عَنْ عُمَرَ رضي الله عنه أَيضاً قَالَ: بَيْنَمَا نَحْنُ جُلُوْسٌ عِنْدَ رَسُوْلِ اللهِ صلى الله عليه و سلّم ذَاتَ يَوْمٍ إِذْ طَلَعَ عَلَيْنَا رَجُلٌ شَدِيْدُ بَيَاضِ الثِّيَابِ شَدِيْدُ سَوَادِ الشَّعْرِ لاَ يُرَى عَلَيْهِ أَثَرُ السَّفَرِ وَلاَ يَعْرِفُهُ مِنَّا أَحَدٌ حَتَّى جَلَسَ إِلَى النَّبِيِّ صلى الله عليه وسلم فَأَسْنَدَ رُكْبَتَيْهِ إِلَى رُكْبَتَيْهِ وَوَضَعَ كَفَّيْهِ عَلَى فَخِذَيْهِ وَقَالَ: يَا مُحَمَّدُ أَخْبِرْنِي عَنِ الإِسْلاَم، فَقَالَ رَسُولُ اللهِ صلى الله عليه وسلم: (الإِسْلاَمُ أَنْ تَشْهَدَ أَنْ لاَ إِلَهَ إِلاَّ اللهُ وَأَنَّ مُحَمَّدَاً رَسُوْلُ اللهِ، وَتُقِيْمَ الصَّلاَةَ، وَتُؤْتِيَ الزَّكَاةَ، وَتَصُوْمَ رَمَضَانَ، وَتَحُجَّ البيْتَ إِنِ اِسْتَطَعتَ إِليْهِ سَبِيْلاً. قَالَ: صَدَقْتَ. فَعَجِبْنَا لَهُ يَسْأَلُهُ وَيُصَدِّقُهُ، قَالَ: فَأَخْبِرْنِيْ عَنِ الإِيْمَانِ، قَالَ: أَنْ تُؤْمِنَ بِاللهِ، وَمَلائِكَتِهِ، وَكُتُبِهِ وَرُسُلِهِ، وَالْيَوْمِ الآَخِرِ، وَتُؤْمِنَ بِالقَدَرِ خَيْرِهِ وَشَرِّهِ قَالَ: صَدَقْتَ، قَالَ: فَأَخْبِرْنِيْ عَنِ الإِحْسَانِ، قَالَ: أَنْ تَعْبُدَ اللهَ كَأَنَّكَ تَرَاهُ، فَإِنْ لَمْ تَكُنْ تَرَاهُ فَإِنَّهُ يَرَاكَ قَالَ: فَأَخْبِرْنِي عَنِ السَّاعَةِ، قَالَ: مَا الْمَسئُوُلُ عَنْهَا بِأَعْلَمَ مِنَ السَّائِلِ قَالَ: فَأَخْبِرْنِيْ عَنْ أَمَارَاتِهَا، قَالَ: أَنْ تَلِدَ الأَمَةُ رَبَّتَهَا، وَأَنْ تَرَى الْحُفَاةَ الْعُرَاةَ الْعَالَةَ رِعَاءَ الشَّاءِ يَتَطَاوَلُوْنَ فِي البُنْيَانِ ثُمَّ انْطَلَقَ فَلَبِثْتُ مَلِيَّاً ثُمَّ قَالَ: يَا عُمَرُ أتَدْرِي مَنِ السَّائِلُ؟ قُلْتُ: اللهُ وَرَسُوْلُهُ أَعْلَمُ، قَالَ: فَإِنَّهُ جِبْرِيْلُ أَتَاكُمْ يُعَلِّمُكُمْ دِيْنَكُمْ. رَوَاهُ مُسْلِمٌ.
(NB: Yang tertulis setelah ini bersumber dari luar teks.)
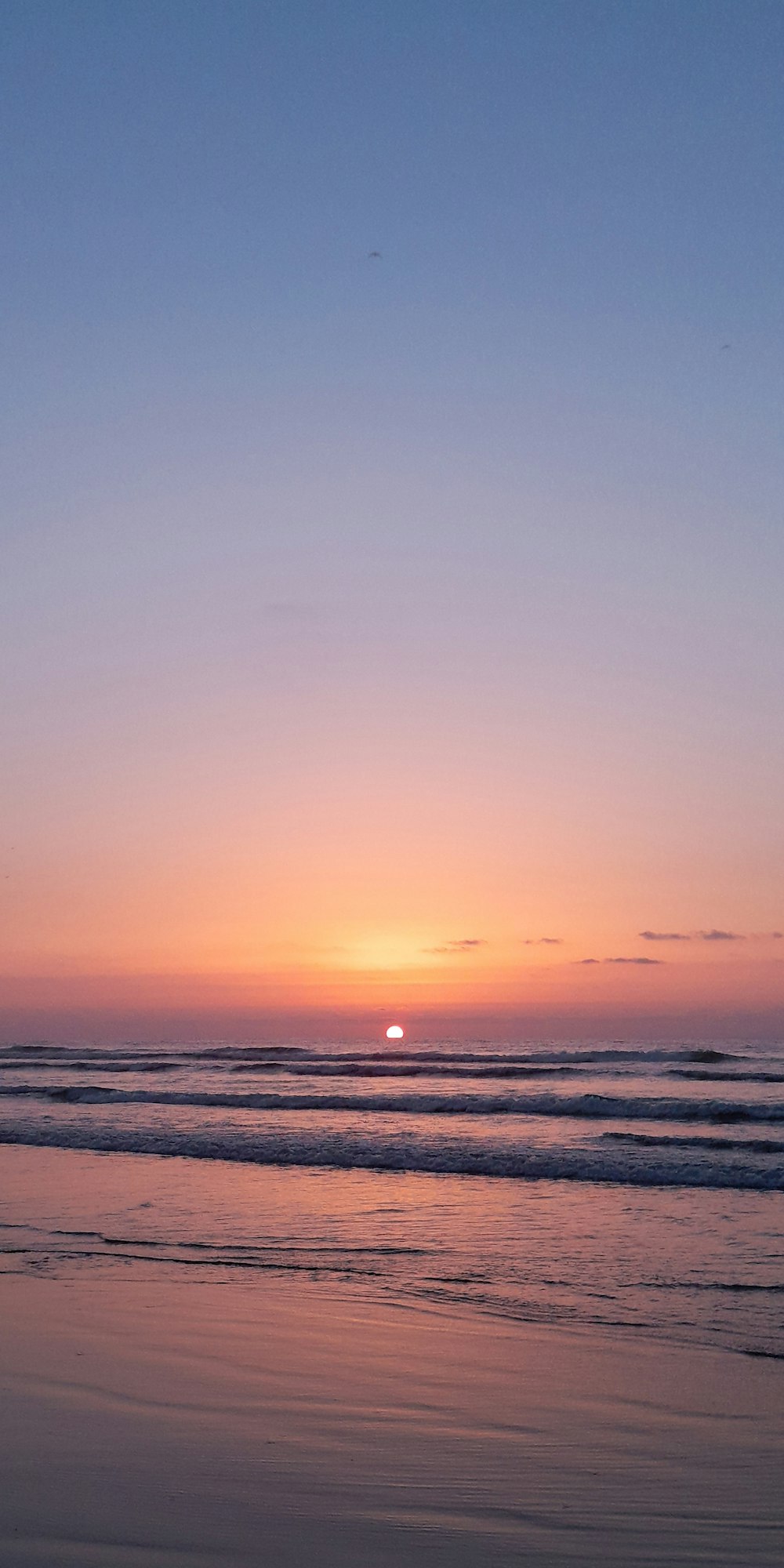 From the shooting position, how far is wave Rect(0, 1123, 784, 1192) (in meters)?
14.9

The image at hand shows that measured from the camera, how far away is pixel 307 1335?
7.67m

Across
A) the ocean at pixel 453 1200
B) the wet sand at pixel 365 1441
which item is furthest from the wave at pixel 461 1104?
the wet sand at pixel 365 1441

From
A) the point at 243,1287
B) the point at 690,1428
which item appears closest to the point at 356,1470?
the point at 690,1428

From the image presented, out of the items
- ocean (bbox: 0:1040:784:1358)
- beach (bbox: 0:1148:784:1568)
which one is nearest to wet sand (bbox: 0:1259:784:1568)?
beach (bbox: 0:1148:784:1568)

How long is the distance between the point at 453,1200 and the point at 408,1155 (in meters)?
3.68

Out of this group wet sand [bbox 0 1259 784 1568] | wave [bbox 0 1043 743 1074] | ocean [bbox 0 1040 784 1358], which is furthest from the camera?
wave [bbox 0 1043 743 1074]

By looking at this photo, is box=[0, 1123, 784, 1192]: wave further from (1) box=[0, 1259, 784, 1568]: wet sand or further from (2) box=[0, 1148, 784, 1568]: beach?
(1) box=[0, 1259, 784, 1568]: wet sand

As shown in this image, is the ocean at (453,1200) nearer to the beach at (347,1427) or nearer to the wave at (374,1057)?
the beach at (347,1427)

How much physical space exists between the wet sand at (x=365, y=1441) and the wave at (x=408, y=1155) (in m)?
7.52

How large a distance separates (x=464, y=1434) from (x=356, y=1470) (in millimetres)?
744

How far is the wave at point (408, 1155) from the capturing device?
1491cm

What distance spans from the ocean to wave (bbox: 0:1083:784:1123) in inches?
4.5

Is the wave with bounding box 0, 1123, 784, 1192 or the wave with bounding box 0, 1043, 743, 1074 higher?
the wave with bounding box 0, 1123, 784, 1192

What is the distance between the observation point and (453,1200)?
13.2 meters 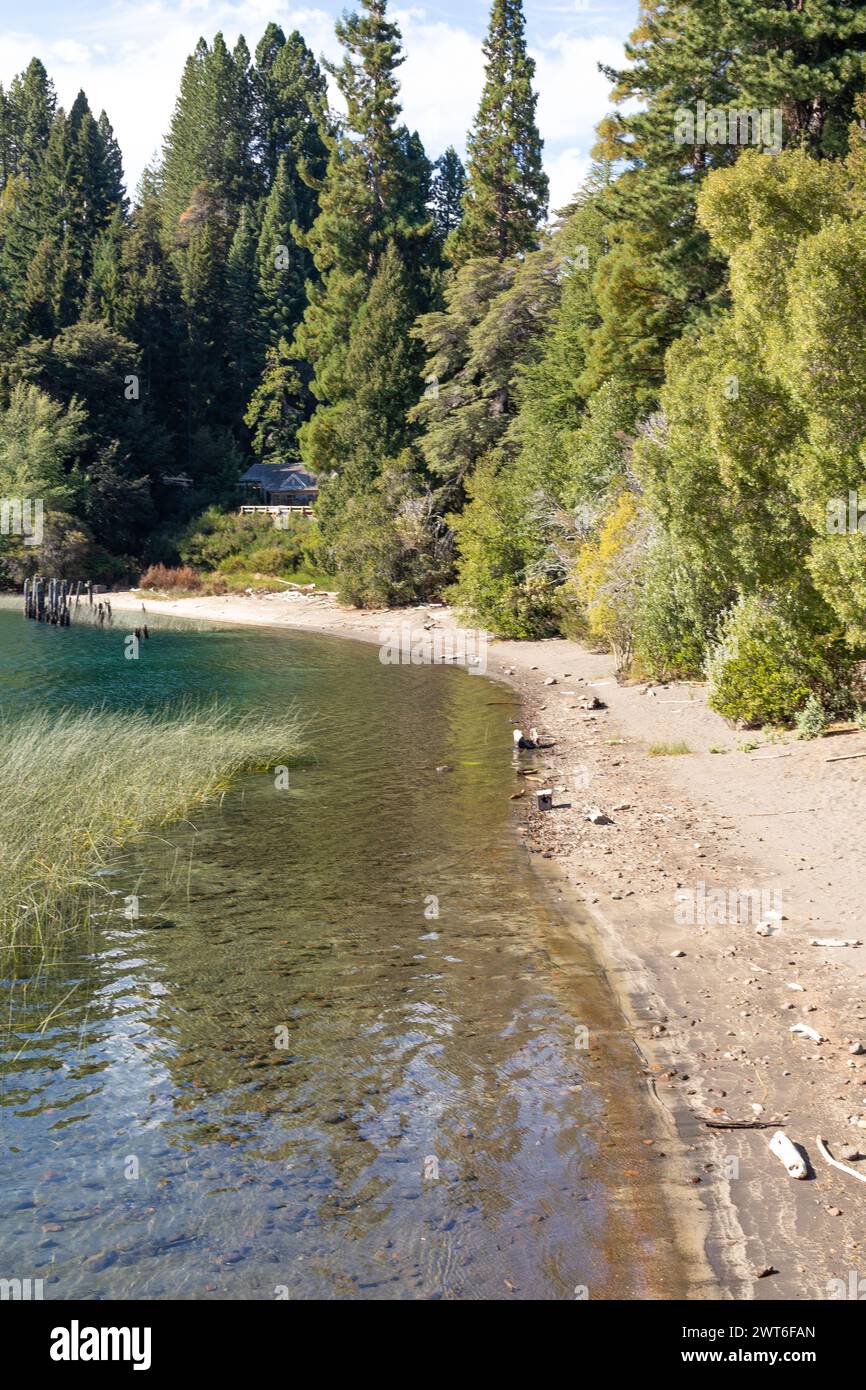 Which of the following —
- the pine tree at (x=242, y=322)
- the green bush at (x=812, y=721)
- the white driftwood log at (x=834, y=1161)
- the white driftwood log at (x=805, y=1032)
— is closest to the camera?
the white driftwood log at (x=834, y=1161)

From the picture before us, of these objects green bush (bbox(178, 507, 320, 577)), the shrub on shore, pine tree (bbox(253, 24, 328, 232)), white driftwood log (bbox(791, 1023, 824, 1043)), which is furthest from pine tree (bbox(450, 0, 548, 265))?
white driftwood log (bbox(791, 1023, 824, 1043))

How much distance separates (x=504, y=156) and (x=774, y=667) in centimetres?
5256

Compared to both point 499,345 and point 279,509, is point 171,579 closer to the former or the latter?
point 279,509

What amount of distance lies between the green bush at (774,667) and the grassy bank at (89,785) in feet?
32.9

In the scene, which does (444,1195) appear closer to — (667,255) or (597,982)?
(597,982)

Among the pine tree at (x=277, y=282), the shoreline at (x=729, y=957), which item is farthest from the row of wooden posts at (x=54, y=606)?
the pine tree at (x=277, y=282)

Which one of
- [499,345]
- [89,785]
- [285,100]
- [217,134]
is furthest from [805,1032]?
[285,100]

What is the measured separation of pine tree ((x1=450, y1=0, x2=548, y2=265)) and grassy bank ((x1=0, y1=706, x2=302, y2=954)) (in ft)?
156

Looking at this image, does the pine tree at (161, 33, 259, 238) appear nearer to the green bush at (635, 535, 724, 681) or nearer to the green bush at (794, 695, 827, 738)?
the green bush at (635, 535, 724, 681)

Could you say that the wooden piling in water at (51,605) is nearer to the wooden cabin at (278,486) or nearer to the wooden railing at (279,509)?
the wooden railing at (279,509)

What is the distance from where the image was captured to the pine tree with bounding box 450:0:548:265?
211 feet

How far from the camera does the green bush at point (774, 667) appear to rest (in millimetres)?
22188

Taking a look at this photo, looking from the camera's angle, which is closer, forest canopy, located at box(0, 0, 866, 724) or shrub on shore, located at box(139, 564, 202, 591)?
forest canopy, located at box(0, 0, 866, 724)

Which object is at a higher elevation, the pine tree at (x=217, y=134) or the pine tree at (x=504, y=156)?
the pine tree at (x=217, y=134) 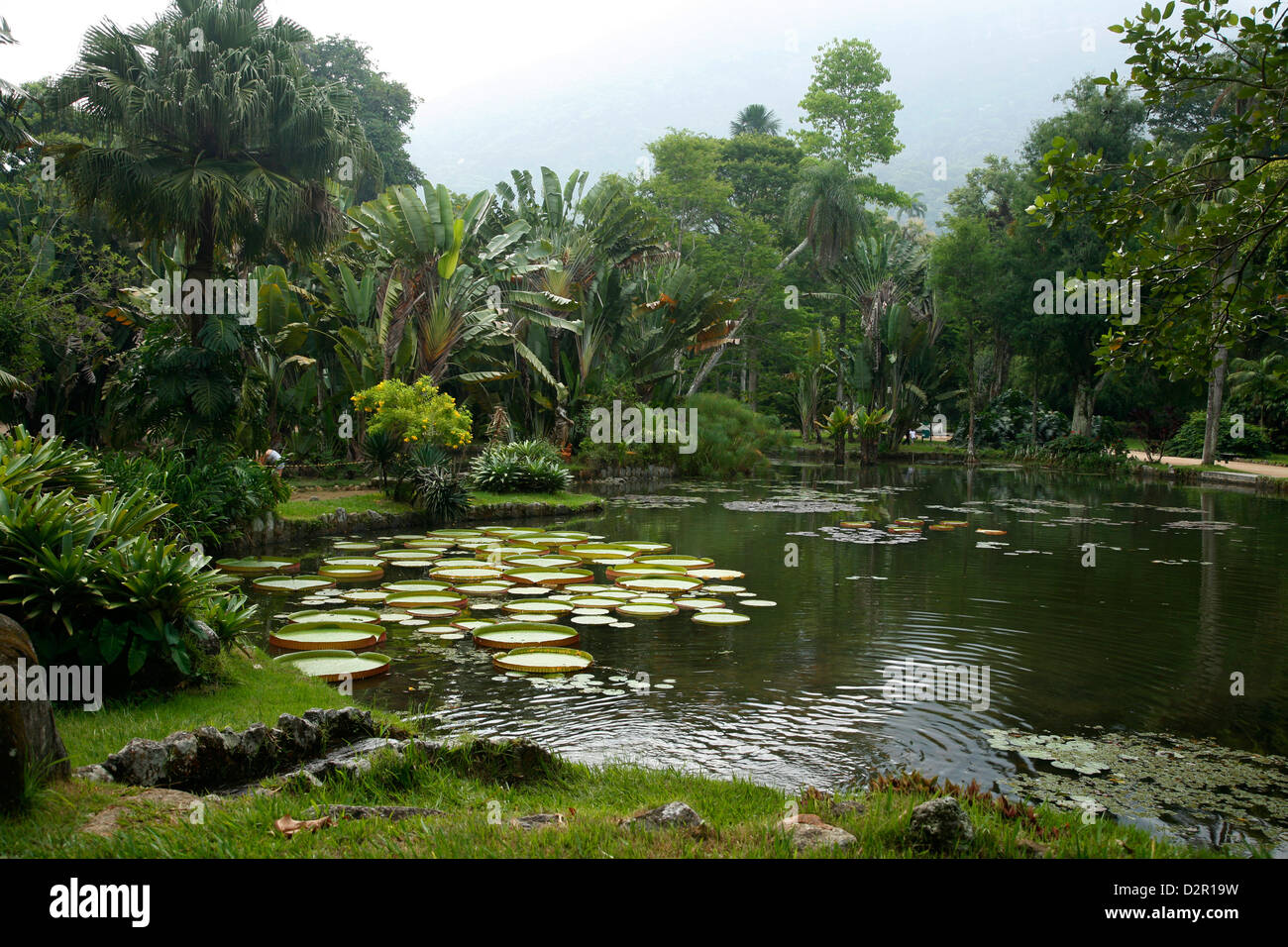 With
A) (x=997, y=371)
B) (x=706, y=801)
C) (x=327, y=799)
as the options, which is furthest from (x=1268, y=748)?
(x=997, y=371)

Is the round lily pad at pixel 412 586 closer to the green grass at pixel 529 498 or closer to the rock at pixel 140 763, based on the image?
the rock at pixel 140 763

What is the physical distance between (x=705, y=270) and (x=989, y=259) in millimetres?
11436

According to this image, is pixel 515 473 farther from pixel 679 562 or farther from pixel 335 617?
pixel 335 617

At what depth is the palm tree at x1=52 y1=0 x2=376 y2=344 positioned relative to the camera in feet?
44.7

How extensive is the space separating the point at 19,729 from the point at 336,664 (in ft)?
12.1

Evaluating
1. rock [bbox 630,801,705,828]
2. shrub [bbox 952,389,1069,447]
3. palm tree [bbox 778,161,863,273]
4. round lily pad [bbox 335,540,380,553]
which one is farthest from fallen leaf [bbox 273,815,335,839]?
shrub [bbox 952,389,1069,447]

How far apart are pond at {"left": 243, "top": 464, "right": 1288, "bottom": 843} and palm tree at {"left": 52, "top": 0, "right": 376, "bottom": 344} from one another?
5.92m

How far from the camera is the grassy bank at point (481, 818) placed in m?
2.86

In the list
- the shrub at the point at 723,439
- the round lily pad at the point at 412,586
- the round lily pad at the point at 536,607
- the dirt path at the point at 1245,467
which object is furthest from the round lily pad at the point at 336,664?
the dirt path at the point at 1245,467

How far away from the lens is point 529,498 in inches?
703

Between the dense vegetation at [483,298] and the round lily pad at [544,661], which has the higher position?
the dense vegetation at [483,298]

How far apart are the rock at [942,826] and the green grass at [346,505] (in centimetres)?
1187

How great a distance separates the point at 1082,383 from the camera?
34.1 m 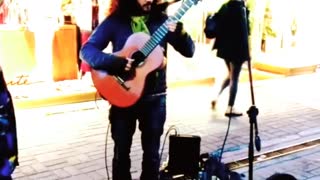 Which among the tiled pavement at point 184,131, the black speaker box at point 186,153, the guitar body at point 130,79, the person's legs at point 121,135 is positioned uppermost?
the guitar body at point 130,79

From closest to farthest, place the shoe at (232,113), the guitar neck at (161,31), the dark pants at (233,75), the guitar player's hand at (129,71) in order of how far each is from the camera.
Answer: the guitar neck at (161,31) < the guitar player's hand at (129,71) < the dark pants at (233,75) < the shoe at (232,113)

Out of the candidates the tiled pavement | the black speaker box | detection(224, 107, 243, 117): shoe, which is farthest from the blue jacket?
detection(224, 107, 243, 117): shoe

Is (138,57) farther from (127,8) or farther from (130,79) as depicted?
(127,8)

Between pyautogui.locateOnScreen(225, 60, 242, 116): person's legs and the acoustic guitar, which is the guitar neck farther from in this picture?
pyautogui.locateOnScreen(225, 60, 242, 116): person's legs

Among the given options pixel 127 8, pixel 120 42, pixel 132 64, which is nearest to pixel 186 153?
pixel 132 64

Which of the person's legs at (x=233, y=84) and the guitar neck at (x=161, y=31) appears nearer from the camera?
the guitar neck at (x=161, y=31)

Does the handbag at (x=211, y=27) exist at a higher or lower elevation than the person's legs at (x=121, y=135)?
higher

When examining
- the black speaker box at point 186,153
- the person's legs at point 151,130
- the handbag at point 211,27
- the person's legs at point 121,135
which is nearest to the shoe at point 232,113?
the handbag at point 211,27

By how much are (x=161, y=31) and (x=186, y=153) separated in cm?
121

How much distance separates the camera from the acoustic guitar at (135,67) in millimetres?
3561

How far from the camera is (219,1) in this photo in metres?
9.55

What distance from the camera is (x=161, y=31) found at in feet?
11.5

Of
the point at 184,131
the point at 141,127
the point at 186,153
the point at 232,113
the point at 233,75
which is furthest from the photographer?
the point at 232,113

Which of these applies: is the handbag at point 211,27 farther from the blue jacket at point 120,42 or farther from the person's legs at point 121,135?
the person's legs at point 121,135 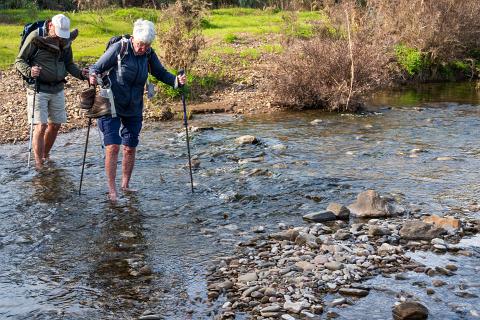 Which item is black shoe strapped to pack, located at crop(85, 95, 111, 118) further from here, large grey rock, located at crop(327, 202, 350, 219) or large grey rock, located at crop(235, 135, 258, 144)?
large grey rock, located at crop(235, 135, 258, 144)

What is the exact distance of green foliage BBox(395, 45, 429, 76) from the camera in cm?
2206

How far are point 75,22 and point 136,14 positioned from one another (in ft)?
15.0

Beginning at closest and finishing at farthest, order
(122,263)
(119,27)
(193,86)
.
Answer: (122,263) → (193,86) → (119,27)

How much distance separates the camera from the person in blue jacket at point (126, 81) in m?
8.95

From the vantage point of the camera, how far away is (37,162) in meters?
11.6

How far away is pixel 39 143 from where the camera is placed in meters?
11.5

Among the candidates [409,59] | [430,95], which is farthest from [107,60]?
[409,59]

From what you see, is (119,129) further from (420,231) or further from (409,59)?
(409,59)

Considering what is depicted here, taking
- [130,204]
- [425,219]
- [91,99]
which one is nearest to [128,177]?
[130,204]

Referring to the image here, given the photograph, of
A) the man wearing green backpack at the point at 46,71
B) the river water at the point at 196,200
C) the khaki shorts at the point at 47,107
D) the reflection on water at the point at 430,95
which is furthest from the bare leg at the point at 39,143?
the reflection on water at the point at 430,95

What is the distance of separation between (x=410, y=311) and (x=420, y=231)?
7.03ft

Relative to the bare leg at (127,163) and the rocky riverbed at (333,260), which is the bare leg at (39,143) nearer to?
the bare leg at (127,163)

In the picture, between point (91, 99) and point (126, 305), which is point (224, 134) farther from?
point (126, 305)

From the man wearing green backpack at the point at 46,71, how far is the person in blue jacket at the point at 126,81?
1.17 m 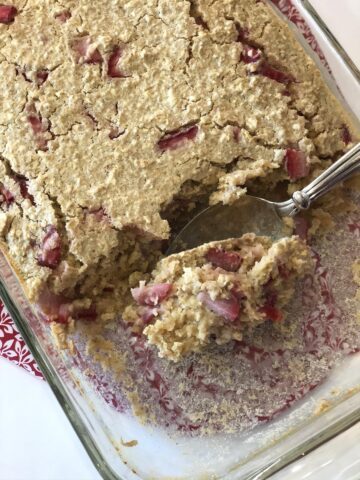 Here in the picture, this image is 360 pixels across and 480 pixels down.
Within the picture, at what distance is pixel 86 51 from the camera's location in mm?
1916

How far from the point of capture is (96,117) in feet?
6.18

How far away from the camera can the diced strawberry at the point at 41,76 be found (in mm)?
1915

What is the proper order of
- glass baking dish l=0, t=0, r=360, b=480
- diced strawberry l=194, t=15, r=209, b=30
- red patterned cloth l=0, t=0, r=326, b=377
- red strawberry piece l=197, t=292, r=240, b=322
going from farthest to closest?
1. red patterned cloth l=0, t=0, r=326, b=377
2. diced strawberry l=194, t=15, r=209, b=30
3. glass baking dish l=0, t=0, r=360, b=480
4. red strawberry piece l=197, t=292, r=240, b=322

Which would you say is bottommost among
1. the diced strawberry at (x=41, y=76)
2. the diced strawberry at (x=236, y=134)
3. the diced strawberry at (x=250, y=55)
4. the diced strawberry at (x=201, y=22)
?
the diced strawberry at (x=236, y=134)

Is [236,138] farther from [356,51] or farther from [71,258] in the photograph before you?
[356,51]

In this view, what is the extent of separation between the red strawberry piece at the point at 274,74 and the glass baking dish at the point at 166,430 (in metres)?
0.21

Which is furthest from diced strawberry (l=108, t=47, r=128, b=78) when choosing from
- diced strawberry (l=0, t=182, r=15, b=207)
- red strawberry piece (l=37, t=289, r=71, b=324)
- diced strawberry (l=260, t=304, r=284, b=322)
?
diced strawberry (l=260, t=304, r=284, b=322)

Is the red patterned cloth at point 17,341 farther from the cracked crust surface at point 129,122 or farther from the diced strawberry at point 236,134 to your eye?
the diced strawberry at point 236,134

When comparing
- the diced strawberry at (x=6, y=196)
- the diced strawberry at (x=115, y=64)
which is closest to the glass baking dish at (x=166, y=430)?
the diced strawberry at (x=6, y=196)

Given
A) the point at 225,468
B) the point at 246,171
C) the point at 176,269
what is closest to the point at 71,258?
the point at 176,269

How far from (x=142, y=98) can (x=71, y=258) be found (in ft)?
1.68

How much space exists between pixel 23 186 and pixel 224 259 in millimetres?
620

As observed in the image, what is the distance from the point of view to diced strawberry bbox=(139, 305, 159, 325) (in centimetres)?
183

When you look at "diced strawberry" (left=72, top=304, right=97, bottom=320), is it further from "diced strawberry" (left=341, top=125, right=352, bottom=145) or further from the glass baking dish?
"diced strawberry" (left=341, top=125, right=352, bottom=145) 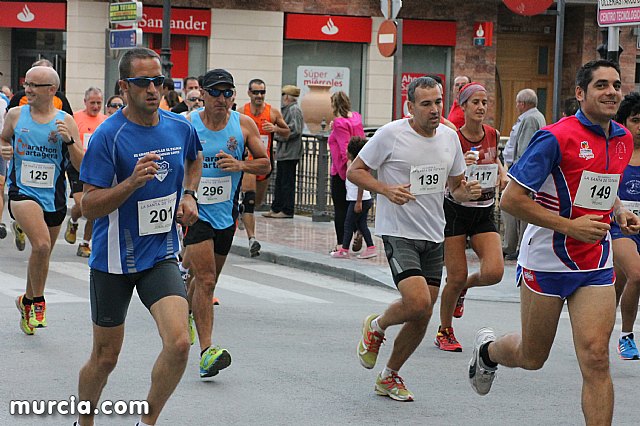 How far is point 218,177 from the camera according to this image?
28.3ft

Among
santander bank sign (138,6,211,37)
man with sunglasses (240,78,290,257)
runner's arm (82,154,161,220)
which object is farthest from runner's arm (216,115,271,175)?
santander bank sign (138,6,211,37)

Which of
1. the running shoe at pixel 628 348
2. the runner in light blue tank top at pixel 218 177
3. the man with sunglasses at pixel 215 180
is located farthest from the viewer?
the running shoe at pixel 628 348

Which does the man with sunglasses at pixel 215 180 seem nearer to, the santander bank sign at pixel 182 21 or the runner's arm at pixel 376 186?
the runner's arm at pixel 376 186

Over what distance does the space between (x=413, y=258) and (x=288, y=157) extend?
11.5 metres

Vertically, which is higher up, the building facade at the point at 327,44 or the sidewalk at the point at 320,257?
the building facade at the point at 327,44

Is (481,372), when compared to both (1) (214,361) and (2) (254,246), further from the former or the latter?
(2) (254,246)

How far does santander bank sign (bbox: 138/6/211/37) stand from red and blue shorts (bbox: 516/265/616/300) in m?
22.2

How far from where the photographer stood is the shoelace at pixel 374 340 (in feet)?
25.7

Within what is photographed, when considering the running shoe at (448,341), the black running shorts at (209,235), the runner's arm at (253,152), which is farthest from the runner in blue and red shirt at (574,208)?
the running shoe at (448,341)

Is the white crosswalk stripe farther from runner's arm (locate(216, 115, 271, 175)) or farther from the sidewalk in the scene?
runner's arm (locate(216, 115, 271, 175))

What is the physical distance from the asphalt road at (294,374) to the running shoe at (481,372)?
0.17m

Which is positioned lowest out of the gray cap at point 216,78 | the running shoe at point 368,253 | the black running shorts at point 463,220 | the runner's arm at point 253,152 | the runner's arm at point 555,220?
the running shoe at point 368,253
Dari Umar radhiyallahu ‘anhu pula dia berkata; pada suatu hari ketika kami sedang duduk-duduk bersama Rasulullah shallallahu ‘alaihi wa sallam, tiba-tiba datang seorang laki-laki berpakaian sangat putih, dan rambutnya sangat hitam, tidak terlihat padanya tanda-tanda bekas perjalanan, dan tidak seorang pun dari kami yang mengenalnya, kemudian ia duduk di hadapan Nabi shallallahu ‘alaihi wa sallam dan mendekatkan lututnya lalu meletakkan kedua tangannya di atas pahanya, seraya berkata: ‘Wahai Muhammad jelaskan kepadaku tentang Islam?’ Nabi shallallahu ‘alaihi wa sallam menjawab: ”Islam itu adalah engkau bersaksi bahwa tidak ada sesembahan yang berhak diibadahi dengan benar kecuali Allah dan Muhammad adalah utusan-Nya, engkau menegakkan shalat, menunaikan zakat, puasa Ramadhan dan haji ke Baitullah Al Haram jika engkau mampu mengadakan perjalanan ke sana.” Laki-laki tersebut berkata: ‘Engkau benar.’ Maka kami pun terheran-heran padanya, dia yang bertanya dan dia sendiri yang membenarkan jawabannya. Dia berkata lagi: “Jelaskan kepadaku tentang iman?” Nabi shallallahu ‘alaihi wasallam menjawab: “(Iman itu adalah) Engkau beriman kepada Allah, malaikat-malaikat-Nya, kitab-kitab-Nya, rasul-rasul-Nya dan hari akhir serta engkau beriman kepada takdir baik dan buruk.” Ia berkata: ‘Engkau benar.’ Kemudian laki-laki tersebut bertanya lagi: ‘Jelaskan kepadaku tentang ihsan?’ Beliau shallallahu ‘alaihi wa sallam bersabda: “(Ihsan adalah) Engkau beribadah kepada Allah seolah-olah engkau melihat-Nya. Kalaupun engkau tidak bisa melihat-Nya, sungguh Diamelihatmu.” Dia berkata: “Beritahu kepadaku kapan terjadinya kiamat?” Nabi shallallahu ‘alaihi wa sallam menjawab: “Tidaklah orang yang ditanya lebih mengetahui dari yang bertanya.” Ia berkata: “Jelaskan kepadaku tanda-tandanya!” Nabi shallallahu ‘alaihi wa sallam berkata: “Jika seorang budak wanita melahirkan tuannya dan jika engkau mendapati penggembala kambing yang tidak beralas kaki dan tidak pakaian saling berlomba dalam meninggikan bangunan.”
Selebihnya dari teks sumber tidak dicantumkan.